À semelhança do que tem acontecido desde maio, os EUA continuam a deixar a Huawei numa posição de incerteza. Apesar de a Reuters ter afirmado na semana passada que, desta vez, a prorrogação seria apenas de duas semanas, este alargamento foi novamente de 90 dias.

Como justificação para mais uma prorrogação da suspensão do embargo, o governo norte-americano, pela voz de Wilbur Ross, secretário do Comércio, tinha afirmado na sexta-feira ao canal Fox Business Network que alguns operadores em zonas rurais ainda estão dependentes da Huawei. Estas empresas de telecomunicações, à semelhança de muitas em todo o mundo, utilizam componentes de infraestruturas de rede da empresa chinesa nas suas redes.

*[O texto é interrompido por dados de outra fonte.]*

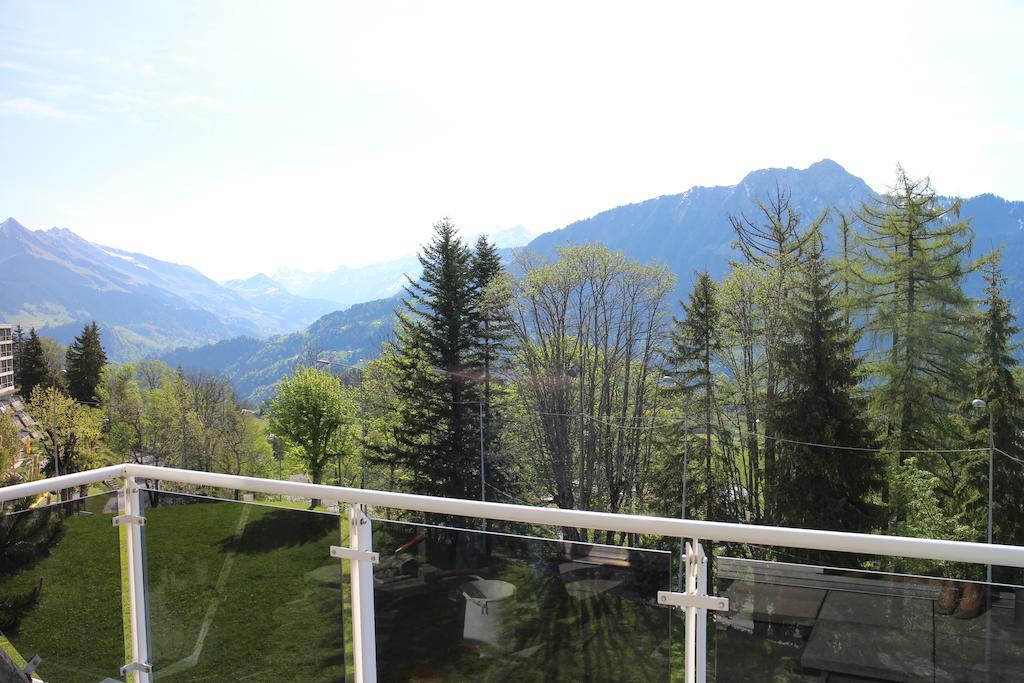 Residences Du Chamossaire Leysin Rom bilde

No final de maio, os EUA emitiram um decreto executivo por motivos de segurança nacional que proibia negócios com a Huawei incluíndo-a numa “lista negra” na qual também está a ZTE, outra tecnológica chinesa. Rapidamente, e depois do alvoroço criado pela cessação de parcerias com a maioria das empresas tecnológicas norte-americanas — como a Google, que detém o Android, ou a fabricante de chips Qualcomm —, houve uma suspensão dos efeitos do embargo até agosto e, nesse mês, foi alargado para esta segunda-feira.

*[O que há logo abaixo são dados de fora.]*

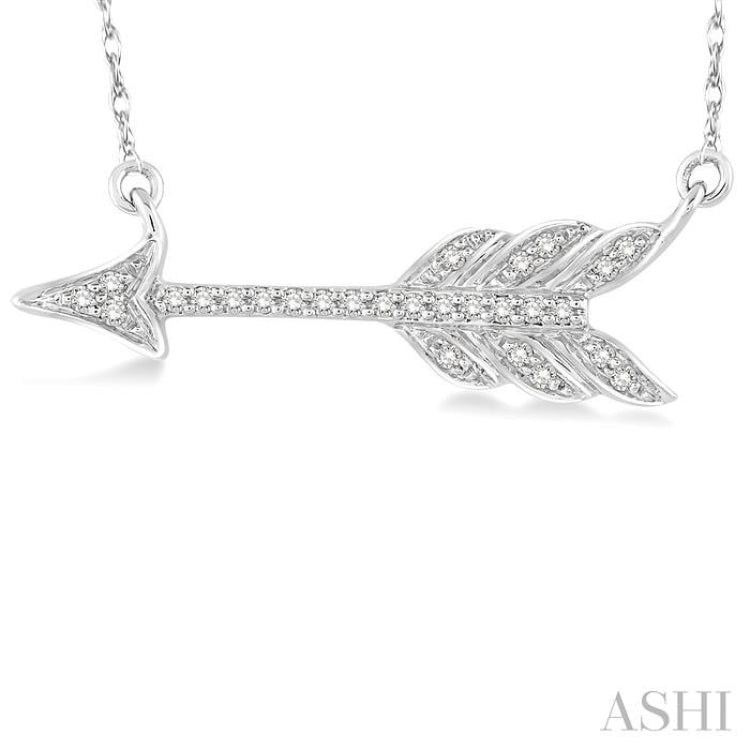 Arrow Diamond Fashion Pendant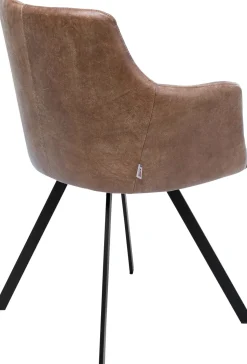 Drehstuhl Coco Braun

Como medida para salvaguardar o seu negócio, a Huawei anunciou no verão o seu próprio sistema operativo, que poderá vir a concorrer com o Android, que é utilizado como base dos smartphones da empresa, uma medida que foi encarada como um dos planos para a empresa mostrar que pode não vir a depender tanto de empresas norte-americanas. Além disso, tem anunciado vários contratos para redes 5G, como na Rússia.

Com a prorrogação da suspensão do embargo, as empresas norte-americanas podem continuar a negociar com a tecnológica chinesa. Contudo, o cenário de incerteza relativamente ao futuro continua no ar. Várias empresas pediram licenças especiais para negociar neste entretanto com a Huawei, mas continuam sem ter resposta dos EUA. Com estas licenças — os pedidos já vão em duzentos — a Huawei poderia voltar, enquanto não há uma decisão definitiva e as prorrogações continuam, a lançar equipamentos com software da Google, por exemplo.

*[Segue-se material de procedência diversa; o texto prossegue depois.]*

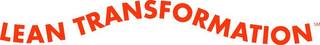 LEAN TRANSFORMATION logo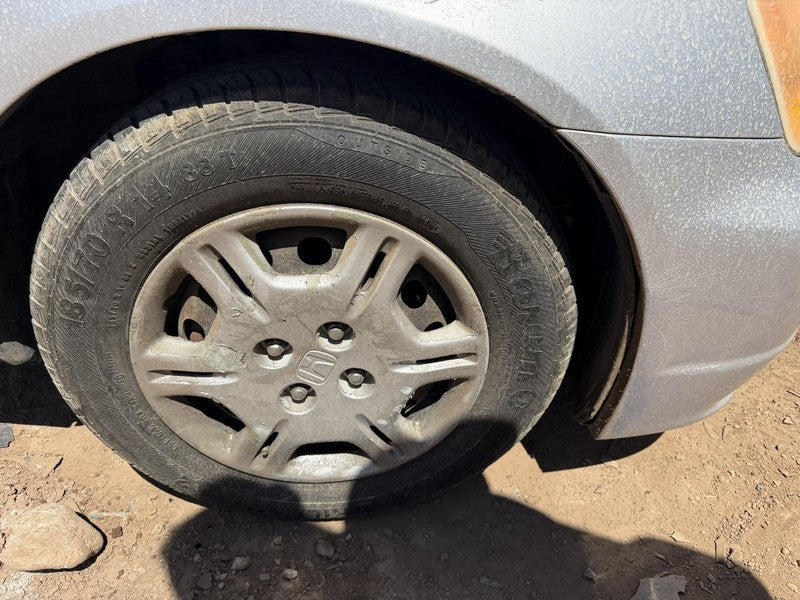 Used Wheel fits: 2002 Honda Civic 14x5-1/2 steel Grade A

Ainda no início deste mês, durante a Web Summit, o diretor tecnológico da Casa Branca, Michael Kratsios, utilizou o evento para atacar a Huawei e reafirmar a desconfiança do país relativamente à empresa.

“A lei chinesa, que incluiu a Huawei, obriga todas as empresas chinesas, inclusivé a Huawei, a cooperar com seus Serviços de Inteligência e Segurança. Não importa onde a empresa opera”, afirmou Kratsios. No mesmo dia e em resposta, a Huawei reiterou a ideia que tem defendido: “A Huawei é uma empresa 100% privada, exclusivamente detida pelos seus funcionários”. Além disso, disse que a alegações de Kratsios foram “hipócritas e manifestamente falsas”.